▸ Instructions for the task
Starting at the line that contains "A natural surface" and stopping after the line that contains "Prodaju se prelepi", transcribe the listing below exactly; do not include any pictures.

▸ Data
####################
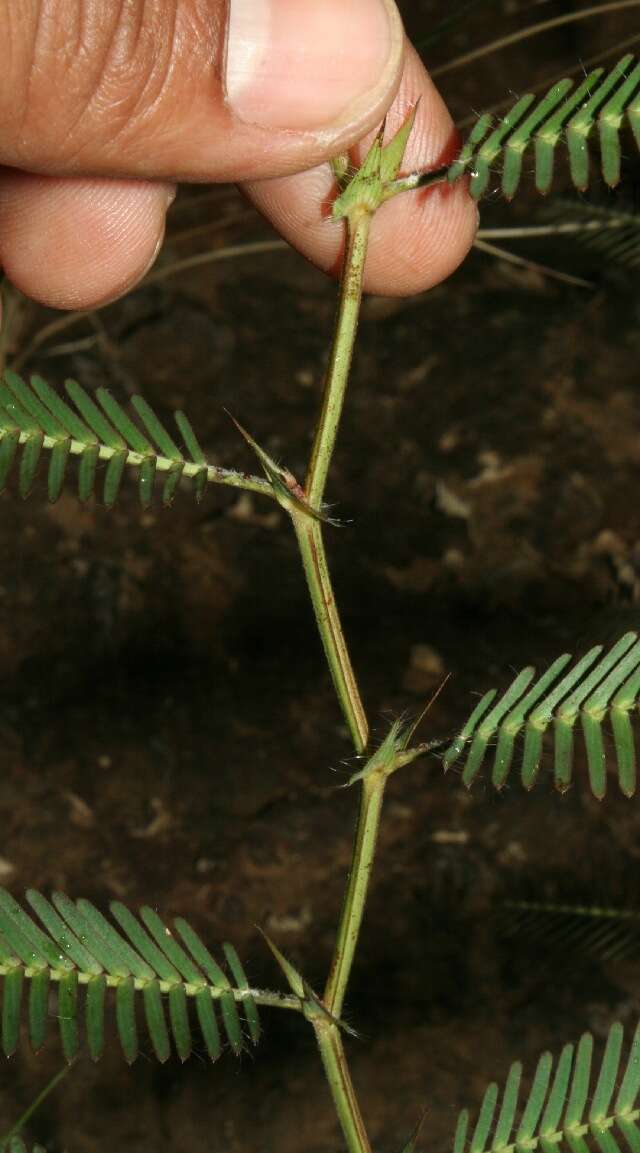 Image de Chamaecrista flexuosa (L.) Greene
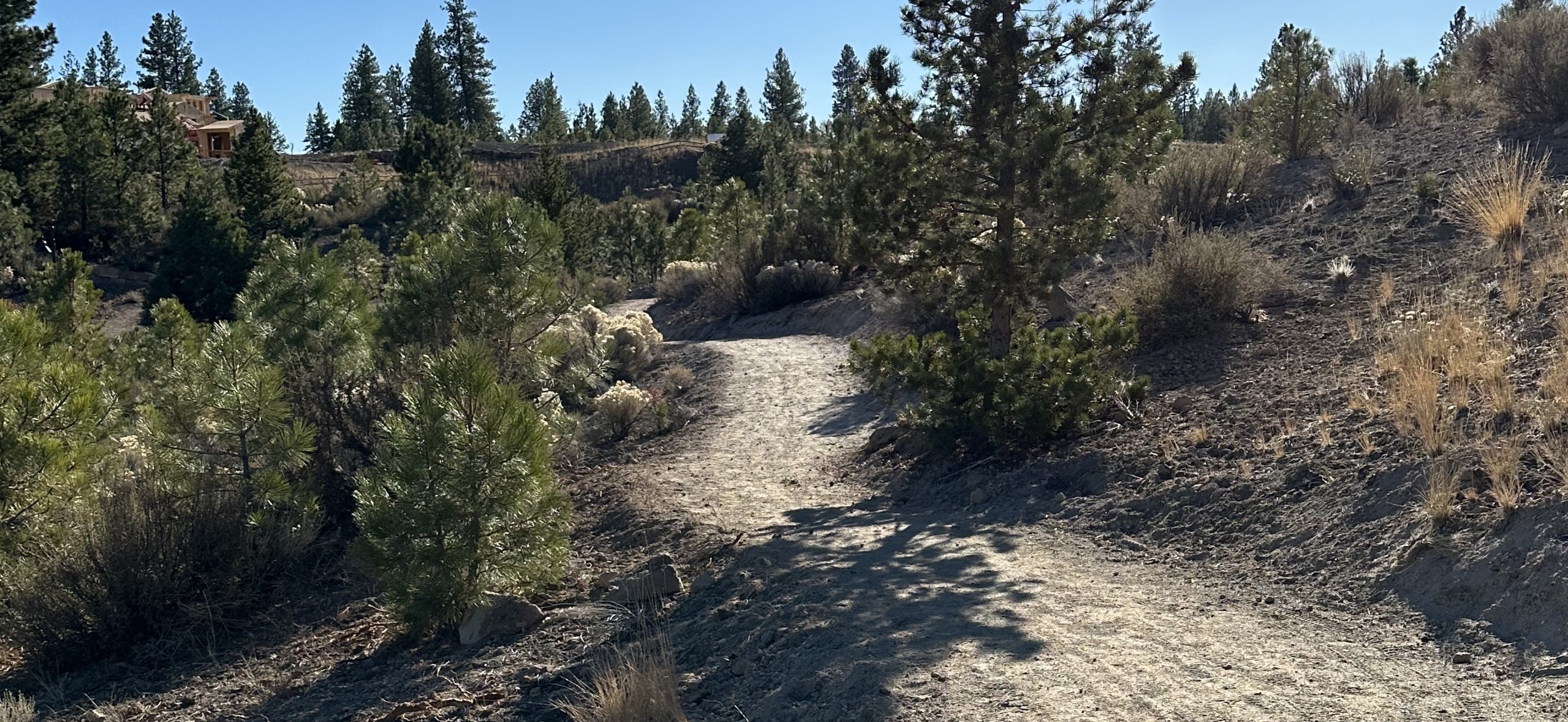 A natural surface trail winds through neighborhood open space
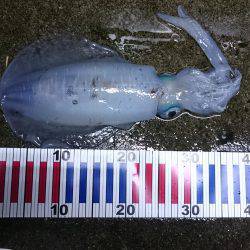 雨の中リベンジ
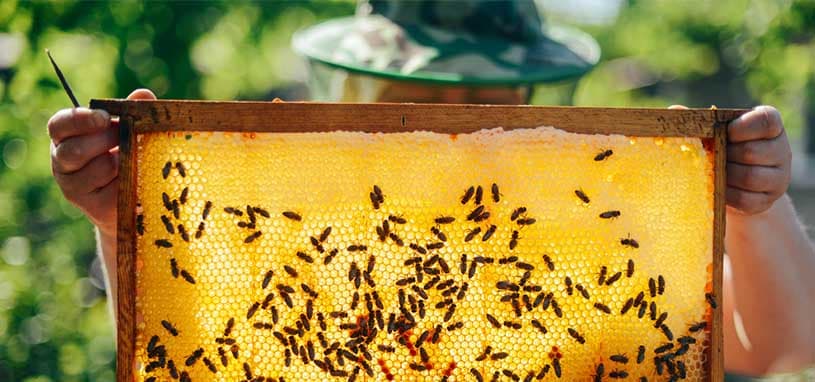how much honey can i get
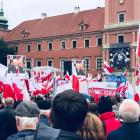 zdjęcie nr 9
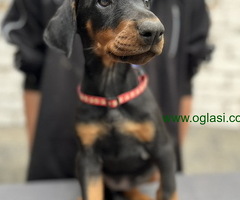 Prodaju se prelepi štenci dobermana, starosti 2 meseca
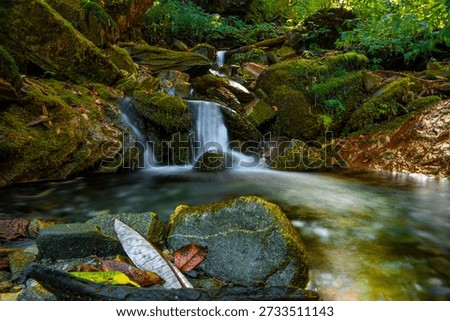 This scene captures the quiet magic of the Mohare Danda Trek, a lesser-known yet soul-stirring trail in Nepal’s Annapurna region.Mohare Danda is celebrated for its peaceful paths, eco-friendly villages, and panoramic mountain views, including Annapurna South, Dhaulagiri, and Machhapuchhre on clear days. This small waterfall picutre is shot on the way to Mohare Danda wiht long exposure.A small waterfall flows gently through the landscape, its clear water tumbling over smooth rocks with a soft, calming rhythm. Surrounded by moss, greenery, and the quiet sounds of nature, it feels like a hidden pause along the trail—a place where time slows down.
####################
▸ Result
 A natural surface trail winds through neighborhood open space
 雨の中リベンジ
how much honey can i get
 zdjęcie nr 9
 Prodaju se prelepi štenci dobermana, starosti 2 meseca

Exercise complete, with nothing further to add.